The columns we plan to use are those quantifying the day’s weather with the least number of NA-observation counts. This includes minimum temperature, max temperature, rainfall level, humidity ,and windspeed. This has been proved by listing out the rows containing NA value with colSums!(is.na) function. Also, we will be plotting facet_grid histograms to compare the distributions of each predictor variable.


#### 3.2 Describe at least one way that you will visualize the results

We will make scatterplots to visualize the relationship between each pair of variables, such as “rainfall level” and “humidity”, and colored by the target variable to see if there is any pattern distinguishing whether it rains tomorrow or not.
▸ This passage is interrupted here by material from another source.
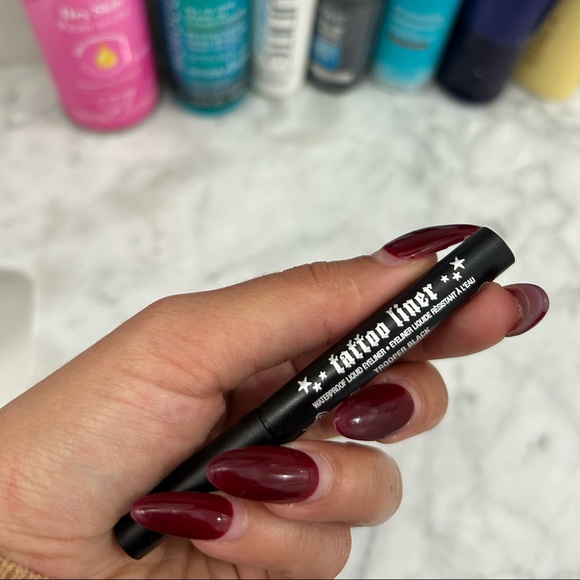 Kat Von D Trooper Tattoo Liner Travel Mini Sized - Picture 6 of 6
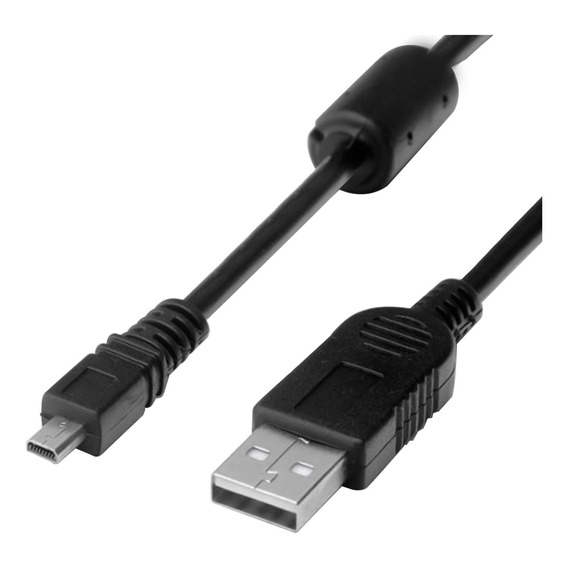 Cable De Repuesto Para Nikon Coolpix B500 A300 A10 A100 L29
## 4.0 Expected Outcomes and Significance:

#### 4.1 Expected Outcomes

We are expecting to create a design with an arithmetic trend with a specific date’s information to determine whether the next day rains. Therefore, the expected outcome would be accurately predicting the occurrence of rain on the next day.

#### 4.2 Significance of Investigation

The significance of this analysis lies in the immense impact that weather and in particular, rain, has on society. Being able to predict rain is not only beneficial for day-to-day life but quintessential for industries such as agriculture, tourism, and urban development

#### 4.3 Extended/Further Questions

Investigating precipitation further in the future can prompt inquiries on how rain patterns have evolved throughout the last decade. Furthermore, this investigation can also prompt further analysis into how accurate our model can be when compared to modern circumstances.